Zhang Guangya, Li Hongchun, Fang Baishan
Institute of Industrial Biotechnology, Huaqiao University, Quanzhou 362021, China.
Sheng Wu Gong Cheng Xue Bao. 2008 Aug;24(8):1439-45.
Types of cofactor independency for newly found oxidoreductases sequences are usually determined by experimental analysis. These experimental methods are both time-consuming and costly. With the explosion of oxidoreductases sequences entering into the databanks, it is highly desirable to explore the feasibility of selectively classifying newly found oxidoreductases into their respective cofactor independency classes by means of an automated method. In this study, we proposed a modified Chou's pseudo-amino acid composition method to extract features from sequences and the k-nearest neighbor was used as the classifier, and the results were very encouraging. When lambda = 48, w = 0.1, the areas under the ROC curve of k-nearest neighbor in 10-fold cross-validation was 0.9536; and the success rate was 92.0%, which was 3.5% higher than that of pseudo-amino acid composition. It was also better than all the other 7 feature extraction methods. Our results showed that predicting the cofactors of oxidoreductases was feasible and the modified pseudo-amino acid composition method may be a useful method for extracting features from protein sequences.
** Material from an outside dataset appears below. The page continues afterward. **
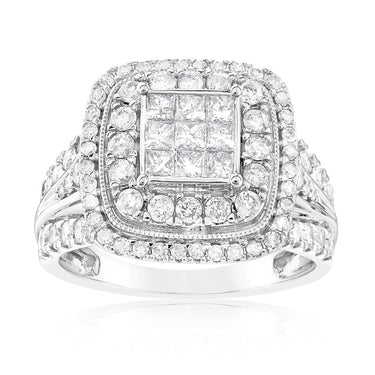 1.40 Carat Diamond Cushion Cluster Ring in 14ct White Gold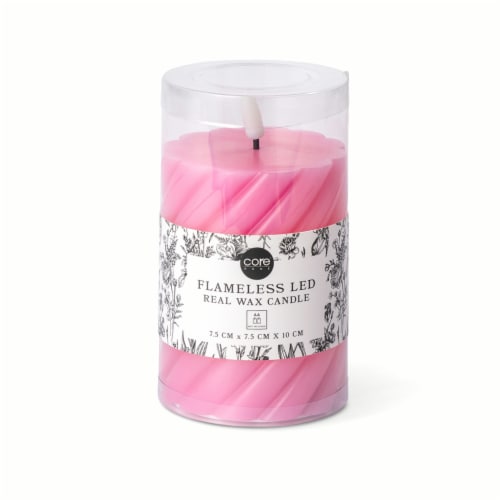 Core Home™ Small Flameless LED Swirl Pillar Wax Candle - Dark Pink Perspective: front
新发现的氧化还原酶序列的辅因子独立性类型通常通过实验分析来确定。这些实验方法既耗时又昂贵。随着进入数据库的氧化还原酶序列激增,非常有必要探索通过自动化方法将新发现的氧化还原酶选择性分类到各自辅因子独立性类别的可行性。在本研究中,我们提出了一种改进的周氏伪氨基酸组成方法来从序列中提取特征,并使用k近邻作为分类器,结果非常令人鼓舞。当λ = 48,w = 0.1时,k近邻在10折交叉验证中的ROC曲线下面积为0.9536;成功率为92.0%,比伪氨基酸组成方法高3.5%。它也优于其他7种特征提取方法。我们的结果表明,预测氧化还原酶的辅因子是可行的,改进的伪氨基酸组成方法可能是一种从蛋白质序列中提取特征的有用方法。